# Score Prediction: Utah Jazz at Dallas Mavericks



## melo4life (Jun 5, 2006)

*Score Prediction Rules:*
http://www.basketballforum.com/dallas-mavericks/342417-score-prediction-rules.html

*Leaderboard:*
Melo4life - 68 points
xray - 66 points
Drgnsmke1 - 59 points
Croco - 52 points
Tersk - 51 points
Saint Baller - 45 points
Edwardcyh - 28 points
mavsmania41 - 20 points
Dr. Suess - 11 point
76767 - 11 points
Pain5155 - 11 points
Jabba1 - 10 points
Helvius - 9 points
Ninjatune - 8 points
Ronna_Meade21 - 6 points
Jet - 6 points
Tempe85 - 2 points
Bruindre - 1 point


----------



## melo4life (Jun 5, 2006)

Utah - 94
Dallas-102

Dirk 27 points
Dirk 12 rebounds
Stackhouse 6 assists

I was thinking about a new game for the playoffs. I thought that we can all choose a team, who we think would win, only one person per team, and your team is your pass to the championship. So if your team loses and is out of the playoffs, then your out. But if your team wins the championship then you win.... haven't thought of a prize, because there isn't much you can do with it, maybe a nice sum of eBux or something. 

Thoughts?


----------



## Pain5155 (May 28, 2006)

Utah - 98
Dallas -110

Points: Dirk 29
Rebounds: Dirk 9
Assists: Howard 8


----------



## xray (Feb 21, 2005)

melo4life said:


> I was thinking about a new game for the playoffs. I thought that we can all choose a team, who we think would win, only one person per team, and your team is your pass to the championship. So if your team loses and is out of the playoffs, then your out. But if your team wins the championship then you win.... haven't thought of a prize, because there isn't much you can do with it, maybe a nice sum of eBux or something.
> 
> Thoughts?


Not enough playoff teams, imo. But how about brackets - see who gets the series right?


----------



## edwardcyh (Dec 13, 2005)

xray said:


> Not enough playoff teams, imo. But how about brackets - see who gets the series right?

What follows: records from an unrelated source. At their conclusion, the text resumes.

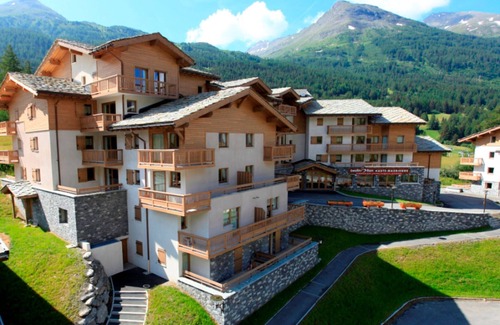 Val Cenis Appartement | Duplex 10 pers au pied des pistes avec parking, balcon et wifi à Val Cenis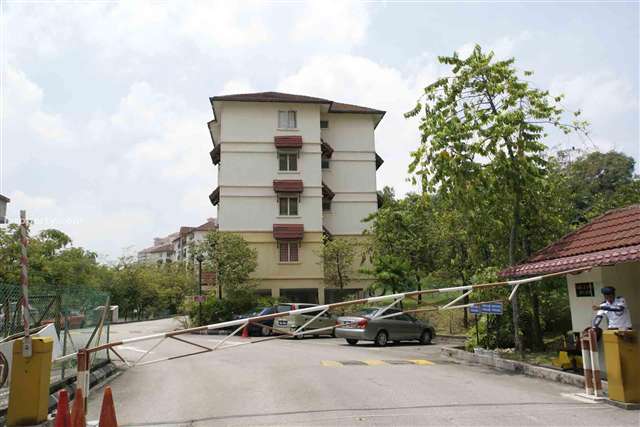 Pangsapuri Mayang - Photo 1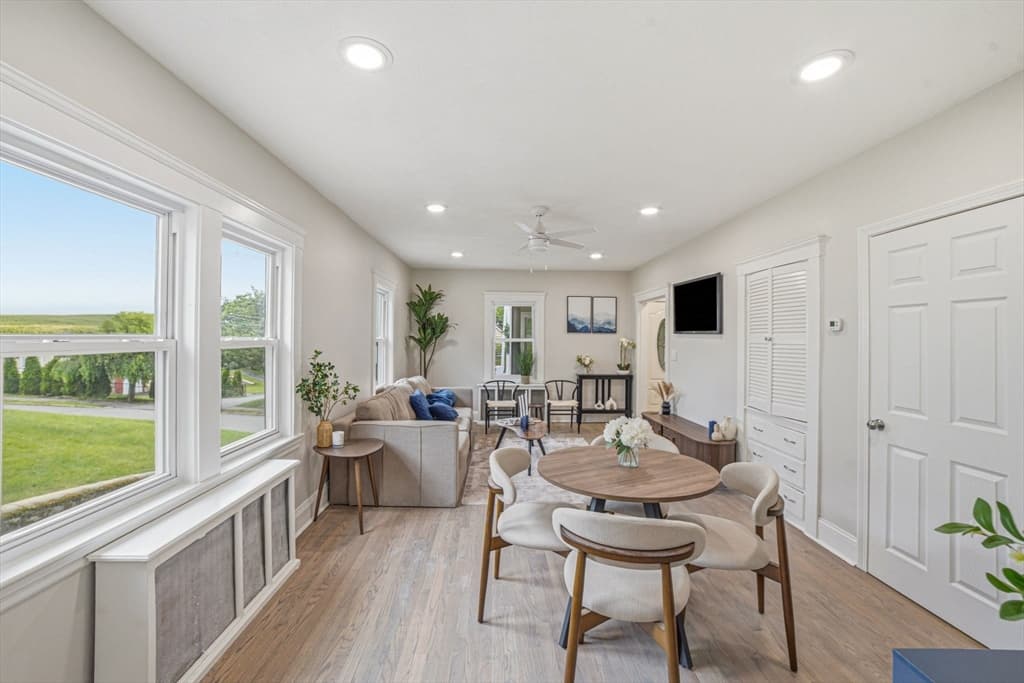 Casa em Woburn — foto 8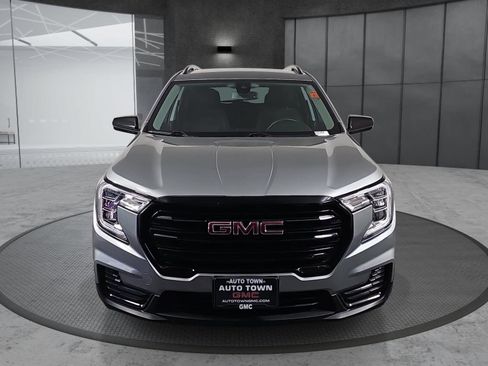 Used 2024 GMC Terrain SLE w/ Driver Convenience Package AWD/4WD image 2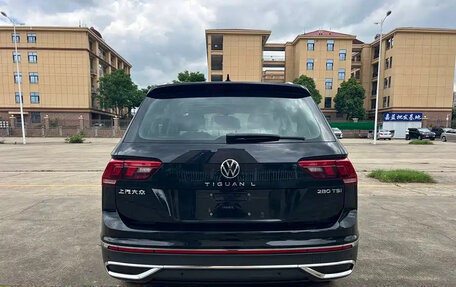 Volkswagen Tiguan II, 2022 год, 2 712 666 рублей, 12 фотография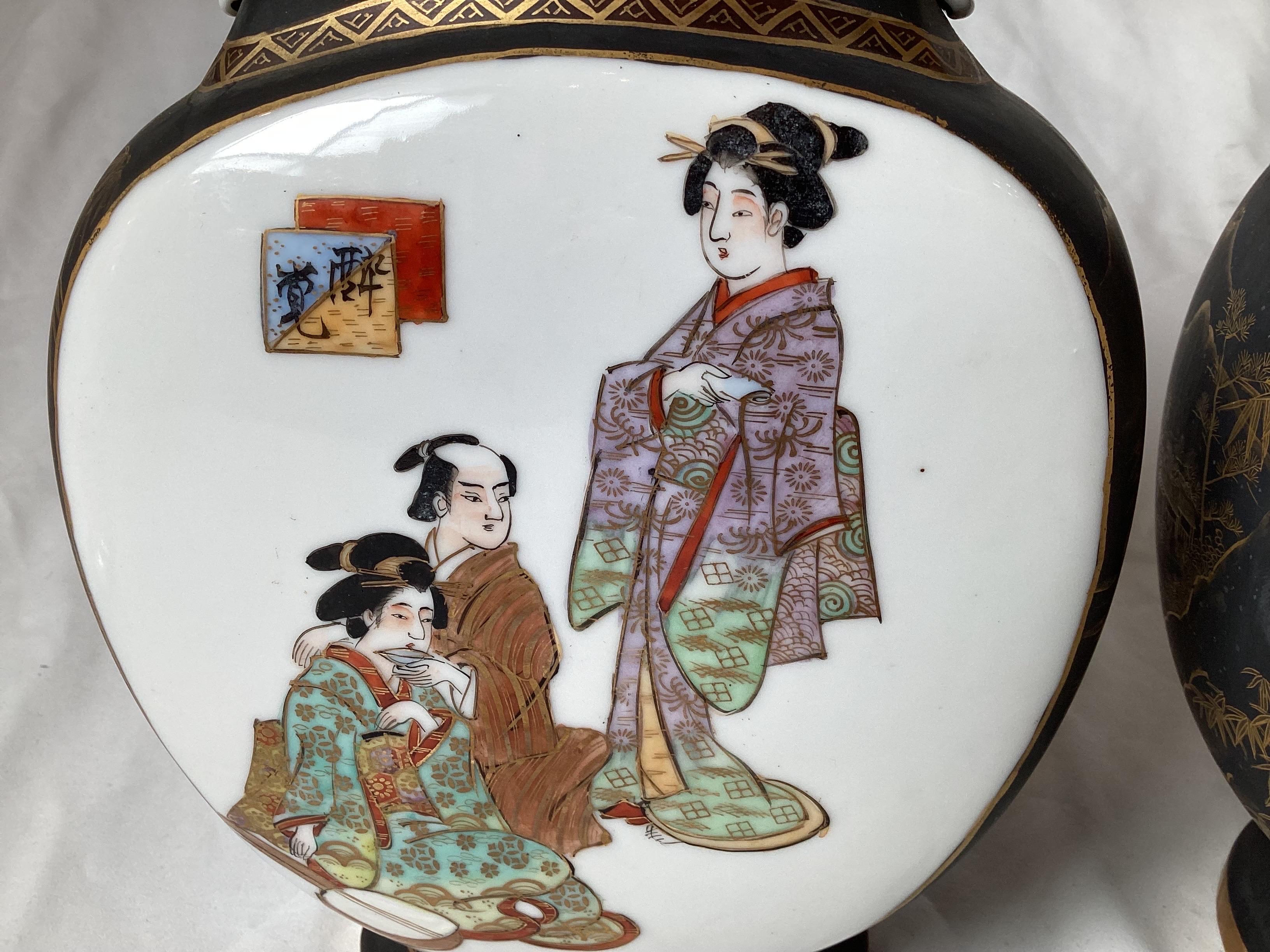 Paire de vases japonais de la période Meiji peints à la main en forme de lune Excellent état à Lambertville, NJ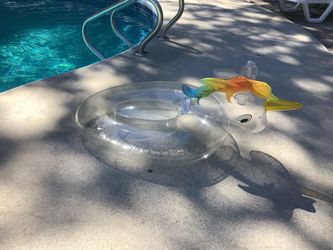 Unicorn float like new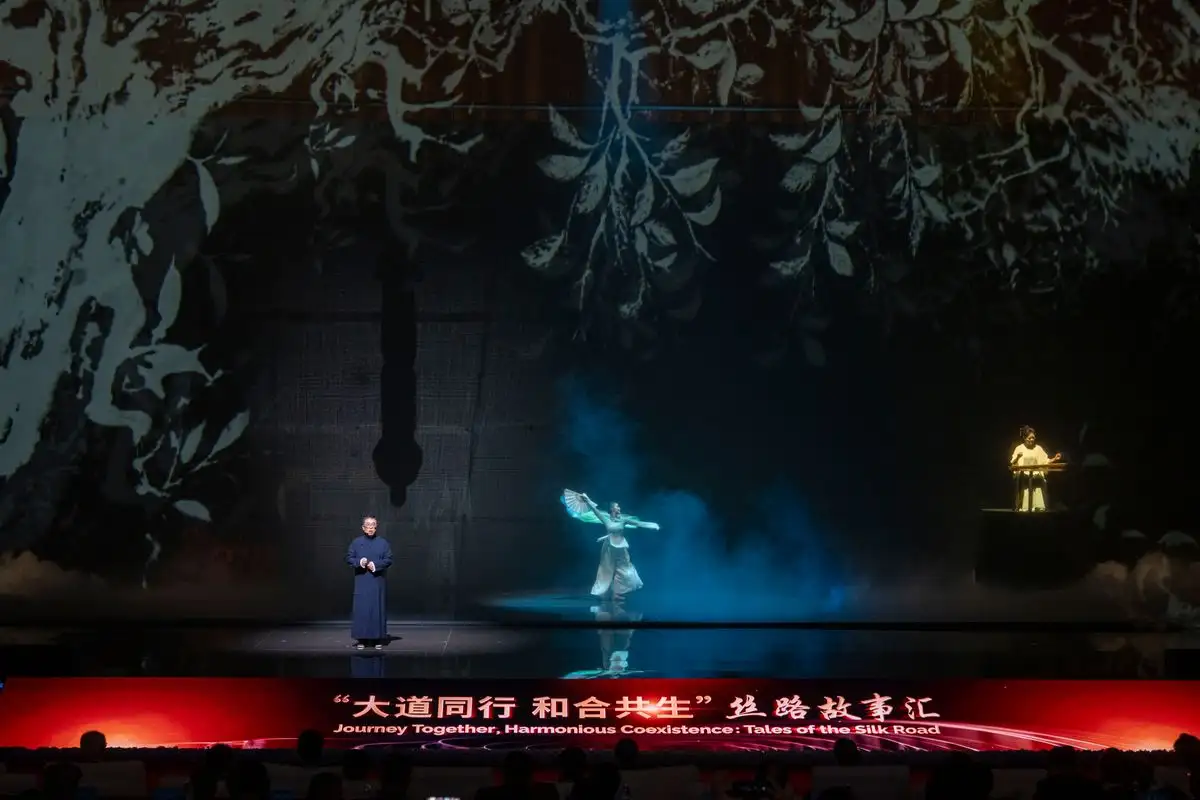 El encuentro tiene lugar en Kunming, conocida como “la ciudad de la eterna primavera”, y reúne a representantes de 165 medios de comunicación, entre ellos México.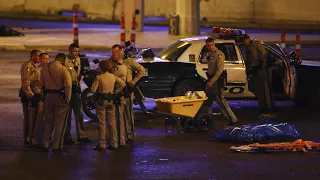 Las Vegas shooting: retired ATF agent says gunman used fully automatic 'weapon of war'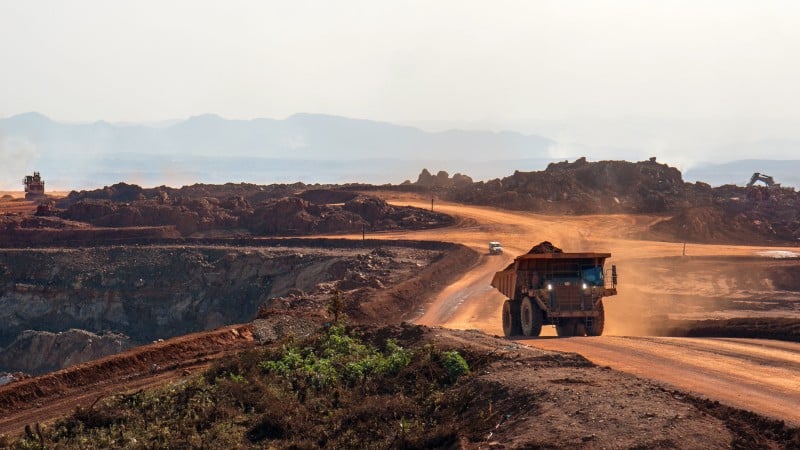 Minerais críticos são chave para soberania e reindustrialização, mas exigem regras claras e visão de longo prazo.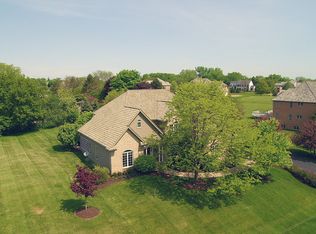 7 Middletree Ln, Hawthorn Woods, IL 60047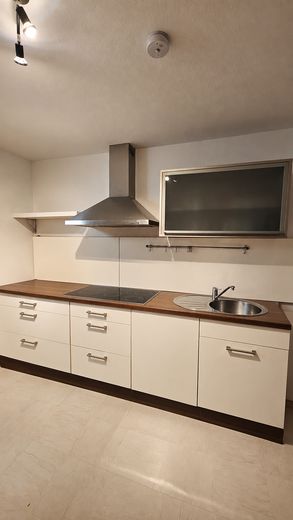 Luminoso y cuidado piso de 2 habitaciones con cocina y baño – Foto 9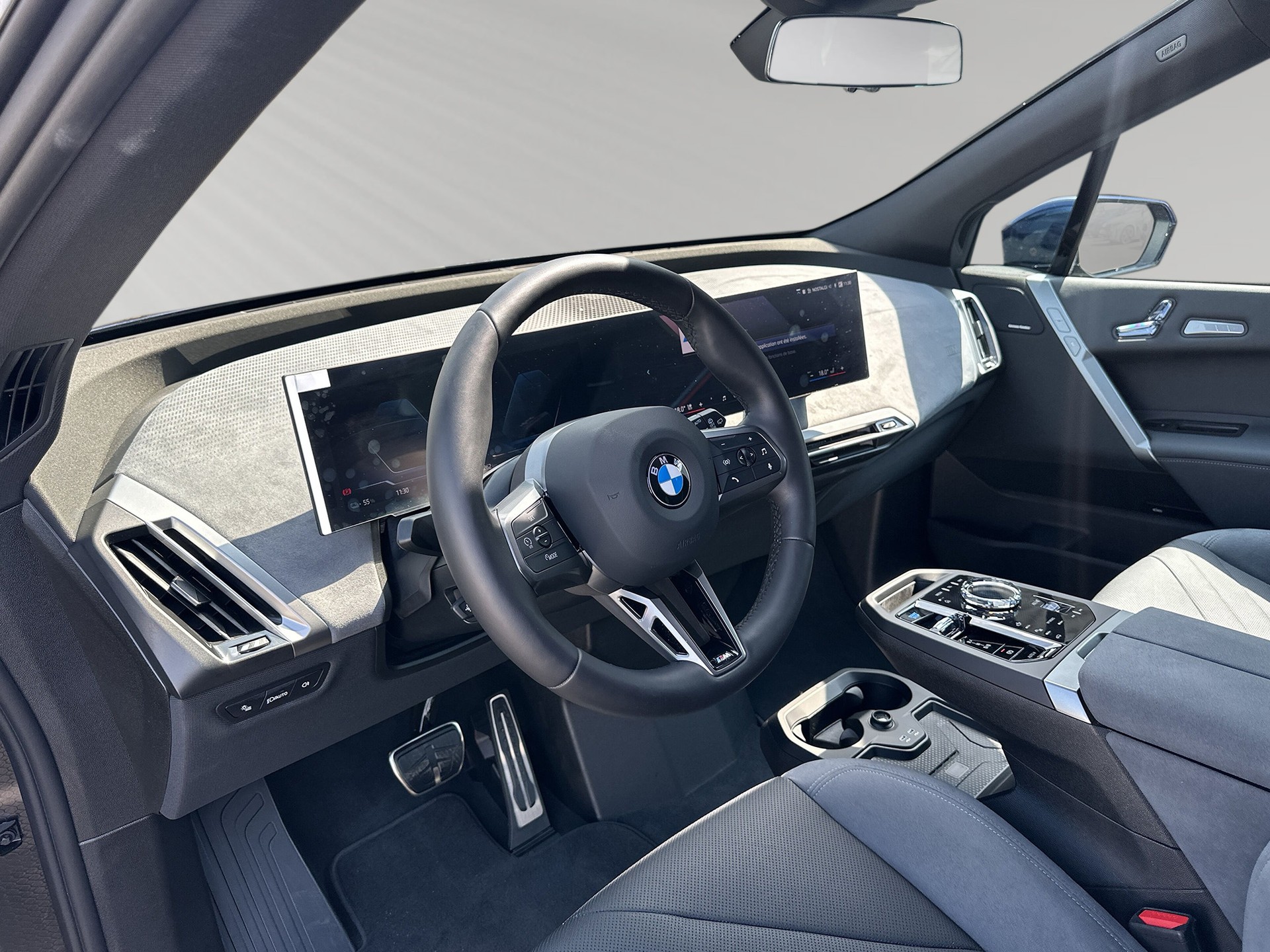 BMW iX xDrive60 M Sport Pro - 4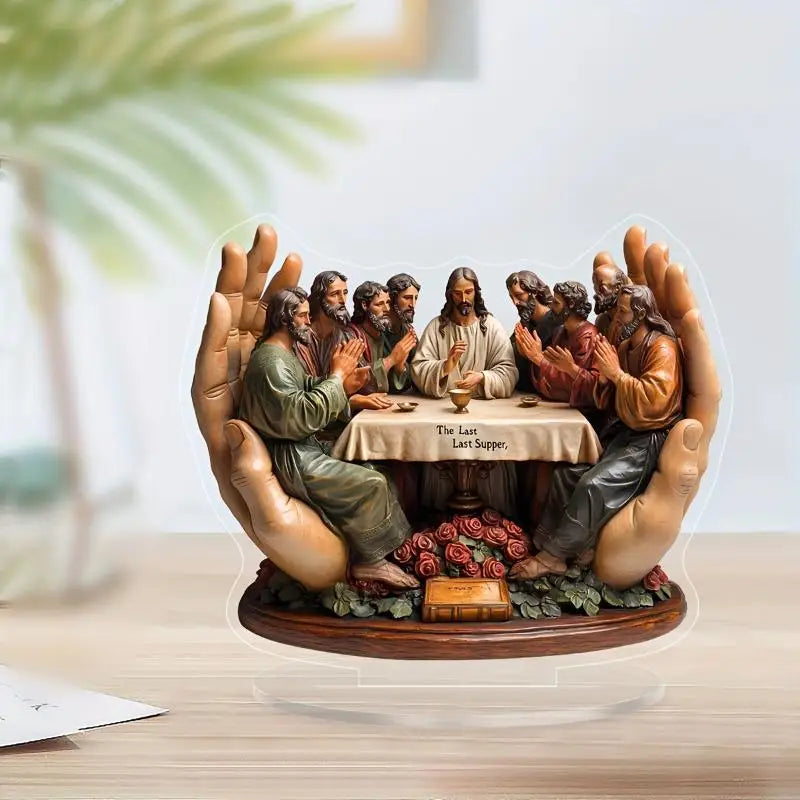 statue religieuse marron relief sculpté scène biblique support bois table roses livre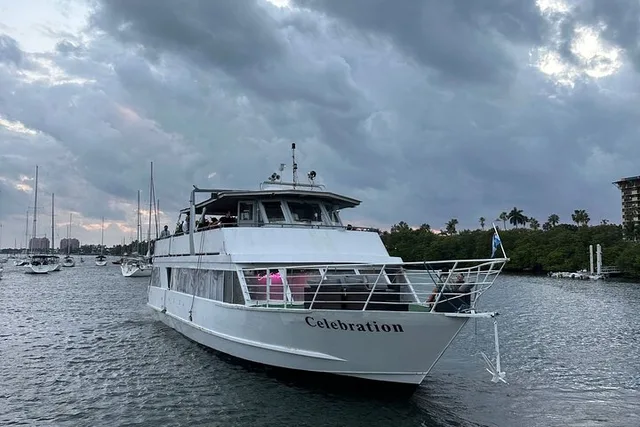 Miami NYE Yacht Party with Dinner and Fireworks - Image 5
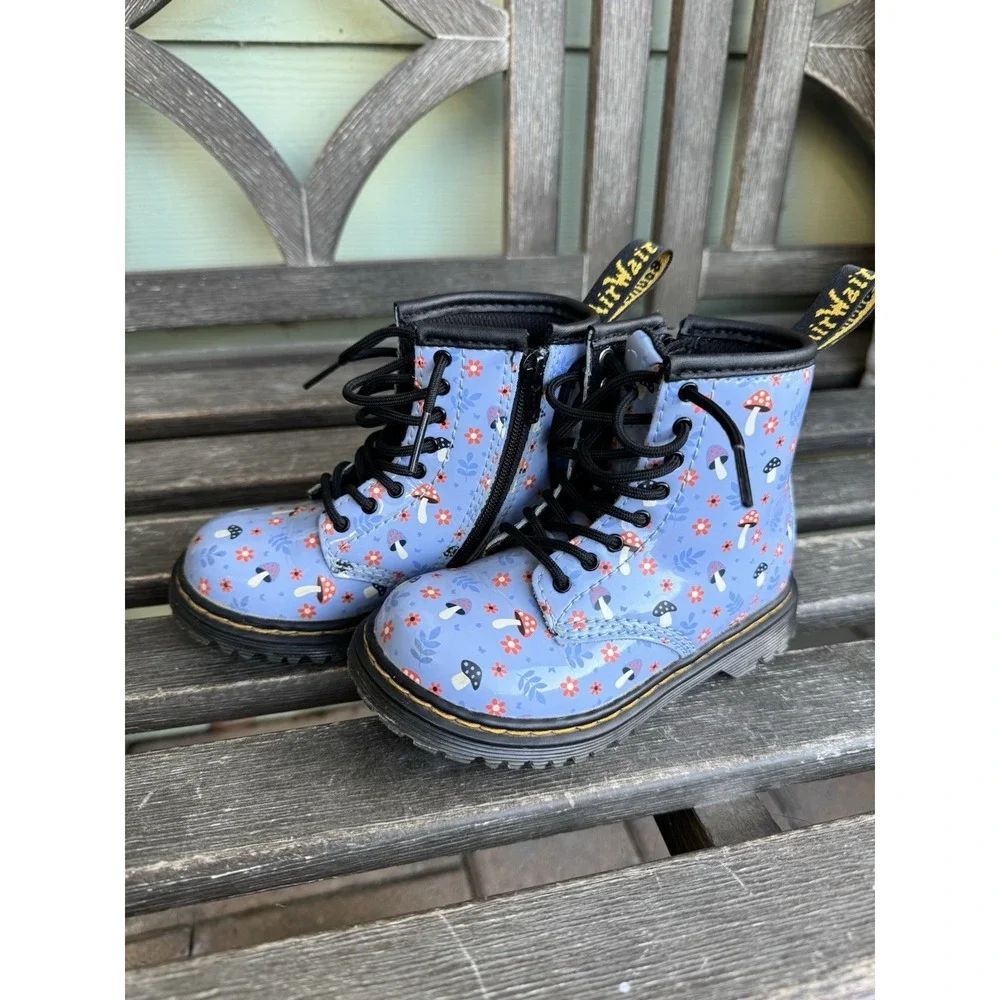 Dr. Doc Martens Woodland Blue Floral Mushroom Bloom Lace Up Zip Boots Kids US 8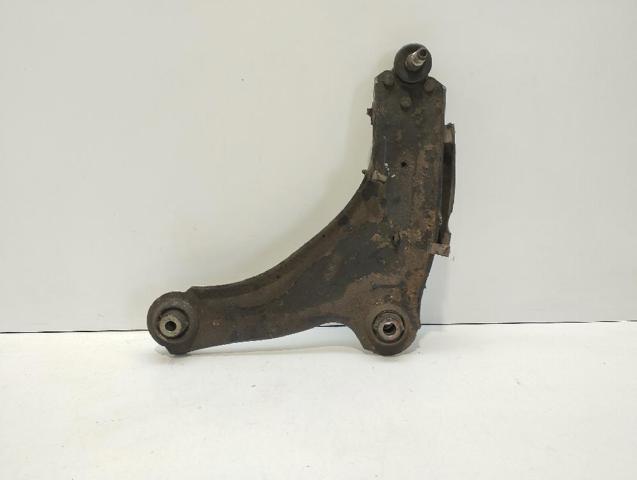545016805R Brazo inferior izquierdo de la suspensión delantera  disponible Málaga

oooooh..... that sounds much better.

A playoff bracket for us.


----------



## melo4life (Jun 5, 2006)

okay, so every one that you get correct you get like 5 points or something?? and then we can add up the score while we are going. Is that what you mean??


----------



## Tersk (Apr 9, 2004)

Dallas: 99
Utah: 103

Jason Terry: 25 points
Diop: 8 rebounds
Terry: 6 assists


----------



## xray (Feb 21, 2005)

Gotta get through this tornado warning first...:chill:


----------



## t1no (Jul 10, 2005)

Woohoo Tornado.


----------



## Saint Baller (May 3, 2006)

Points - Dirk 24
Rebounds - Dirk 10
Assists - Jet 5

I've given up on the triple double dream

And how bout that Tornando? hahaha.


----------



## melo4life (Jun 5, 2006)

*End Stats*
Utah - 104
Dallas - 89

Dirk 23 points
Dirk/Diop 4 rebounds (not very good)
Harris 8 assists
*
Leaderboard*

Melo4life - 75 points(+7)
xray - 66 points
Tersk - 60 points(+9)
Drgnsmke1 - 59 points
Saint Baller - 53 points(+8)
Croco - 52 points
Edwardcyh - 28 points
mavsmania41 - 20 points
Pain5155 - 18 points(+7)
Dr. Suess - 11 point
76767 - 11 points
Jabba1 - 10 points
Helvius - 9 points
Ninjatune - 8 points
Ronna_Meade21 - 6 points
Jet - 6 points
Tempe85 - 2 points
Bruindre - 1 point

*I need some more feedback for the game I might create for the playoffs, cause I haven't got enough people to like it yet, only about 3 people so far, need a few more.*


----------



## croco (Feb 14, 2005)

I like xray's idea.


----------



## xray (Feb 21, 2005)

melo4life said:


> okay, so every one that you get correct you get like 5 points or something?? and then we can add up the score while we are going. Is that what you mean??


Yeah, that's fine.

All complete brackets must be posted by the start of playoff competition. I'm not sure if you want to award winning picks only, or get more detailed like picking teams and games: i.e. Mavs in 5, etc.


----------



## melo4life (Jun 5, 2006)

Okay so you want me to post a thread, and then edit it when we know the exact playoff picture?? and would you be able to help out, cause I'm not 100% sure how it's going to run.


----------